Abstract

International literature on the history of Russian psychology is largely limited to the development of Activity theory and cultural-historical theory. This paper aims to go beyond these limits by introducing a figure little known to an international audience, Boris Parygin, who emerged in the 1960s with his "grand" project for the development of Russian social psychology, significantly different from the Soviet psychology "mainstream," stemming from Vygotsky, Luria, and Alexei Nikolaevich Leontiev. We demonstrate that Parygin's works belong to a theoretical and methodological tradition of social and humanitarian scholarship that had been developing in Russia since 1870s. This was a broad and inter-disciplinary stream of theoretical and methodological developments, including authors like Berdyaev, Mikhailovsky, and so on, that embraced various disciplines (primarily, psychology, sociology, and philosophy).
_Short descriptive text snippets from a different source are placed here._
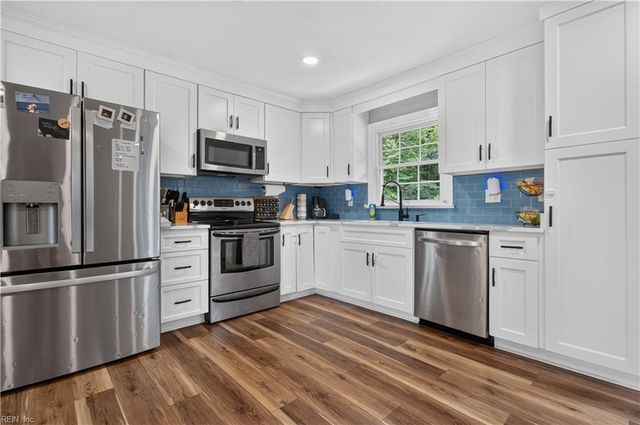 1621 Ronald DR, Suffolk, VA 23434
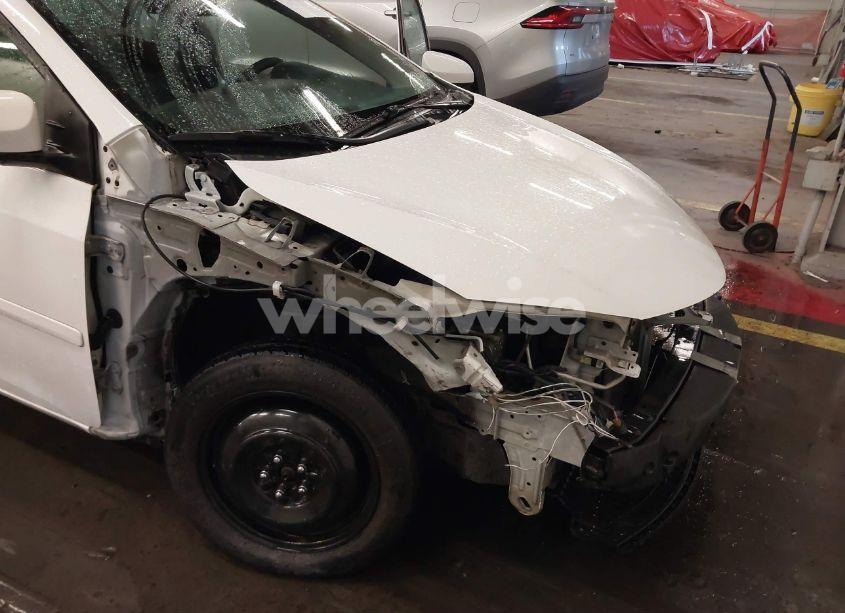 Photo 6 of 2016 Toyota Corolla LE (VIN 2T1BURHE0GC500452)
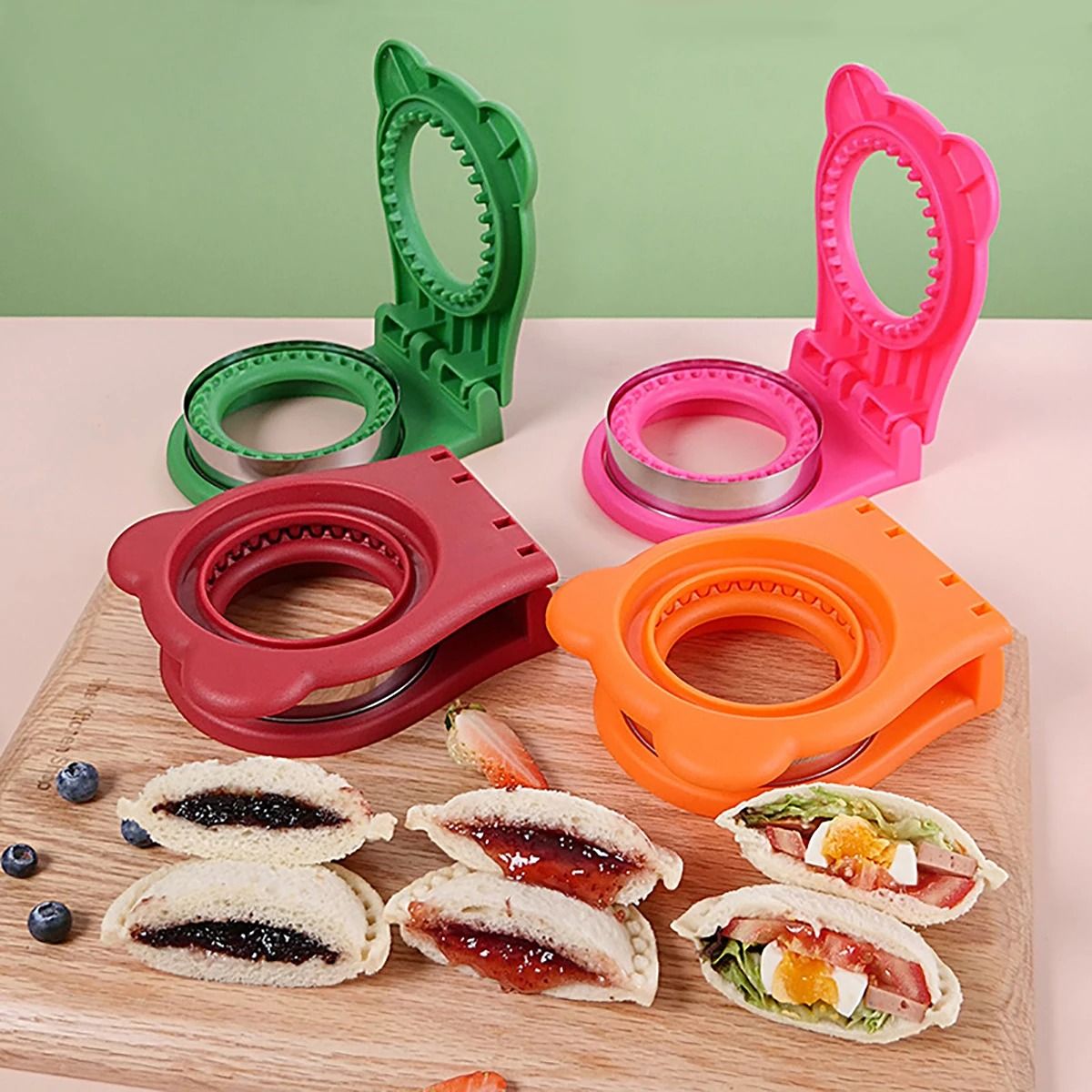 Kitchen Gadget for Sandwich Making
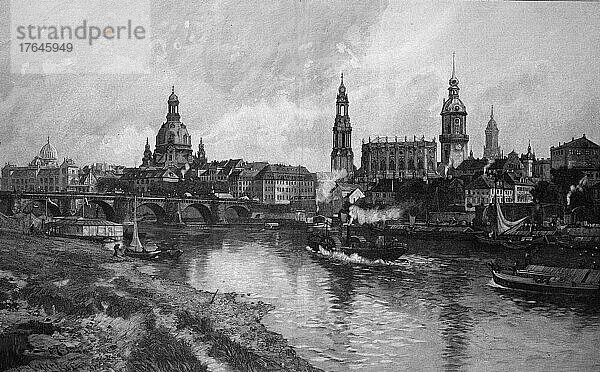 Dresden im Jahre 1880  digital restaurierte Reproduktion einer Originalvorlage dem 19. Jahrhundert  vom Palais aus über die Elbe gesehen  mit Frauenkirche  Hofkirche  Kreuzkirche und Schloss  Deutschland  Europa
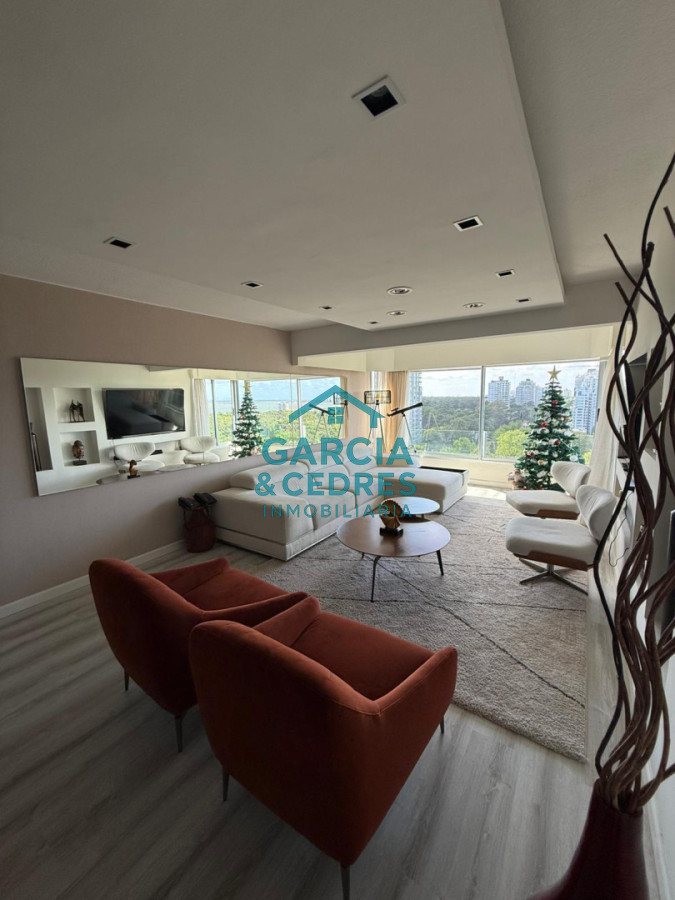 Apartamento ID.124 - OPORTUNIDAD !!! EXCELENTE APTO EDIFICIO BORA BORA TOTALMENTE RECICLADO  3 DORM. Y 3 BAÑOS 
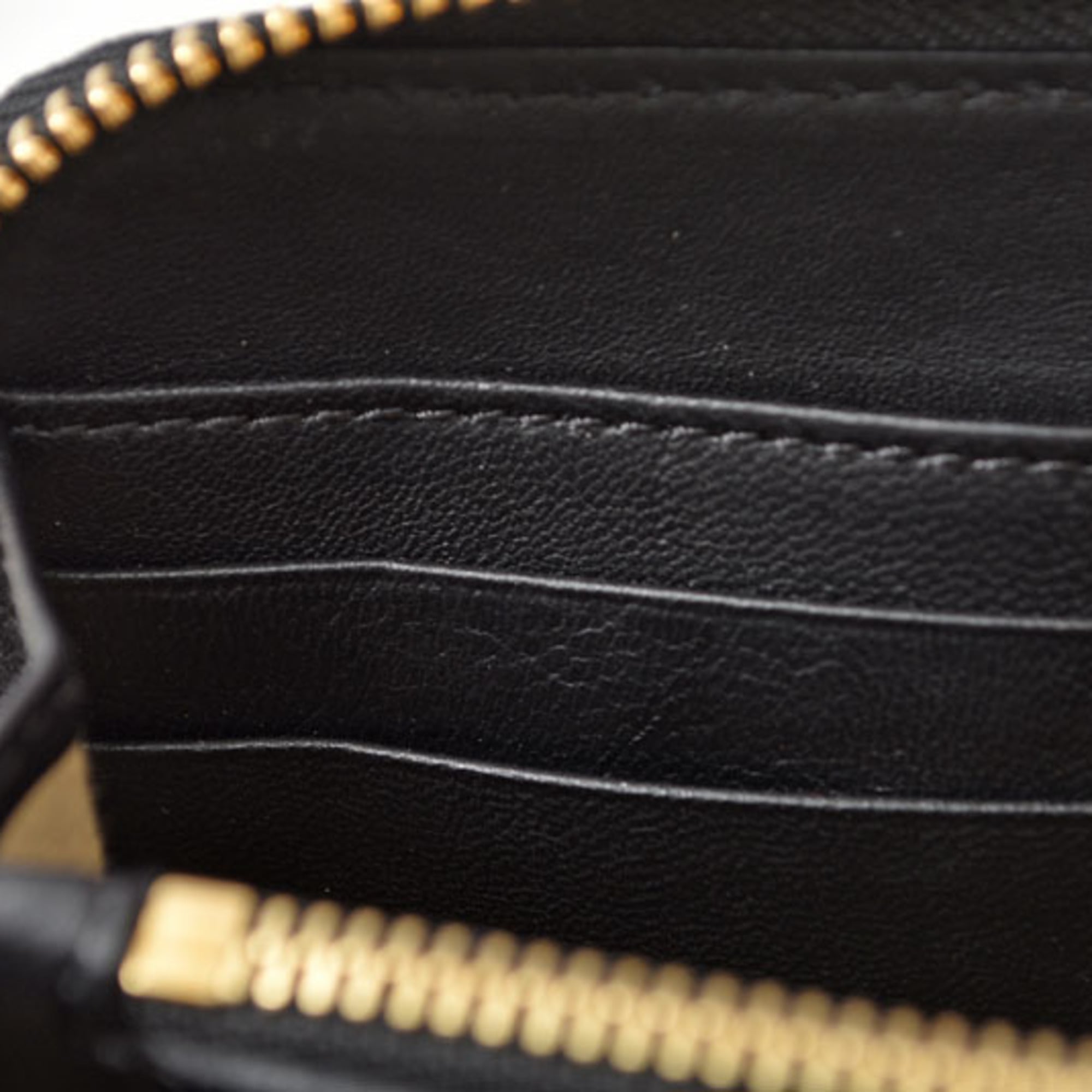 Chloé Black Leather Long Wallet (Bi-Fold) (Pre-Owned)
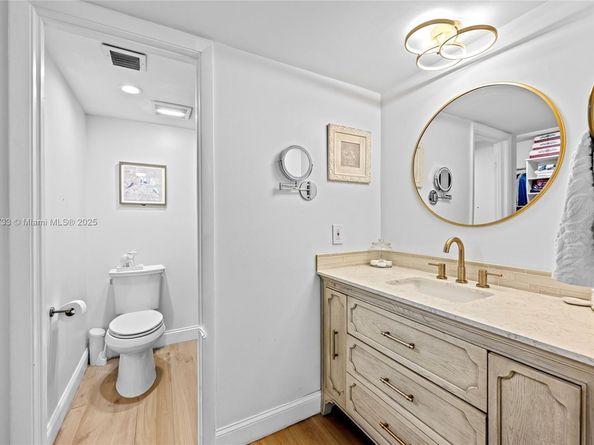 1532 Whitehall Dr 304, Davie FL 33324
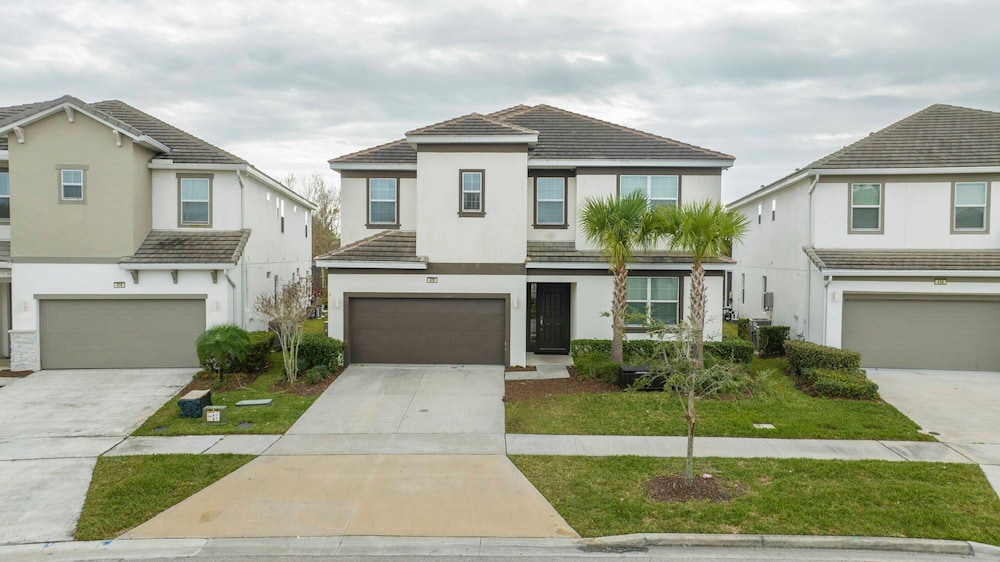 Spacious 12br Family Villa Near Disney Bella Vida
Despite the fact that Parygin's project did not receive substantial support from the soviet academic community, his ideas concerning personality and emphasis on the importance of individual choice and self-determined activity mediating the impact of social surroundings, have become relevant in the context of current discussions in the international science about individual agency, including debates concerning the transformative potential of the individual upon the social structure under conditions of "morphogenetic society" (M. Archer) or "neo-structuration" (P. Sorokin).